Step 4: Validation and Robustness Testing

Following initial verification, the model must undergo comprehensive validation to ensure its robustness and reliability in a regulated environment:

  • Full Model Validation: Conduct a thorough verification and validation (V&V) process to confirm that the model performs as intended across different scenarios and datasets.
  • Explainability Testing: Integrate Explainable AI (XAI) principles to provide insights into model decision-making processes, critical for meeting regulatory expectations and gaining stakeholder trust.
  • Documentation of V&V Activities: Maintain meticulous documentation of all V&V activities, including methodologies, results, and any deviations from expected outcomes.

Step 5: Drift Monitoring and Re-validation

The pharmaceutical environment is subject to changes that may affect model performance over time.
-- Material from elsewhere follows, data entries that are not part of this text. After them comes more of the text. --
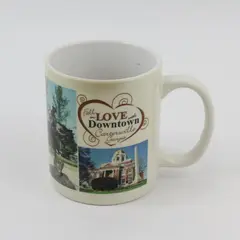 M Ware Cartersville Georgia Souvenir Ceramic Coffee Mug FLAWED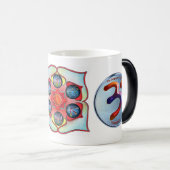 Doedling op het symbool van de Mondiale Eenheid Magische Mok (Voorkant rechts)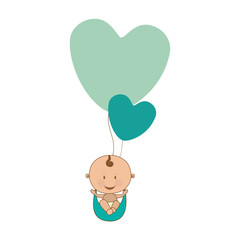 cute baby boy icon image vector illustration design 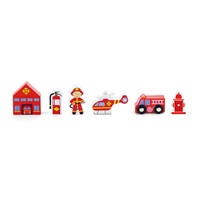 Children's wooden figures Viga Firefighters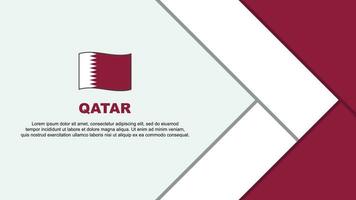 Qatar Flag Abstract Background Design Template. Qatar Independence Day Banner Cartoon Vector Illustration. Qatar Illustration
Continuous monitoring and potential re-validation are essential components of AI/ML governance:

  • Define Drift Metrics: Establish metrics to quantify model drift, which refers to the degradation in predictive performance over time.
  • Ongoing Performance Monitoring: Implement systems for ongoing data collection and monitoring to identify drift and initiate timely investigations into anomalies.
  • Re-validation Protocols: Define a clear protocol for re-validation when drift is detected or when new data becomes available, ensuring compliance with regulatory requirements.

Step 6: Documentation and Audit Trails

Thorough documentation and maintaining audit trails are paramount for regulatory compliance, risk mitigation, and quality assurance:

  • Document Development Processes: Keep comprehensive records of model development, including decisions made, data used, and results obtained during training, verification, and validation.
  • Audit Trail Maintenance: Ensure that all changes to the model, data, and processes are recorded and retrievable, aligning with 21 CFR Part 11 requirements for electronic records and signatures.
  • Regular Documentation Reviews: Institute a regular review process for documentation to ensure all entries are up-to-date, accurate, and reflective of current practices.

Step 7: AI Governance and Security Framework

Lastly, establishing an AI governance and security framework is essential for ensuring that AI/ML systems are effectively managed and compliant with regulatory standards:

  • Governance Structures: Create governance structures within the organization that define roles, responsibilities, and workflows for managing AI/ML risks, including compliance with GAMP 5 guidelines.
  • Security Measures: Implement robust security measures to protect data integrity and availability, ensuring compliance with relevant industry standards and regulations.
  • Training and Competency Development: Promote ongoing training and competency development for team members involved in AI/ML model validation, ensuring they remain abreast of the latest regulatory expectations and technological advancements.

Conclusion

The validation of AI/ML models within GxP analytics is a critical undertaking requiring rigorous attention to risk management, explainability, documentation, and compliance with regulatory standards. By following the structured approach outlined in this guide, pharmaceutical professionals can establish the necessary frameworks to support the safe and effective integration of AI/ML technologies into their operations, ultimately enhancing patient safety and maintaining data integrity.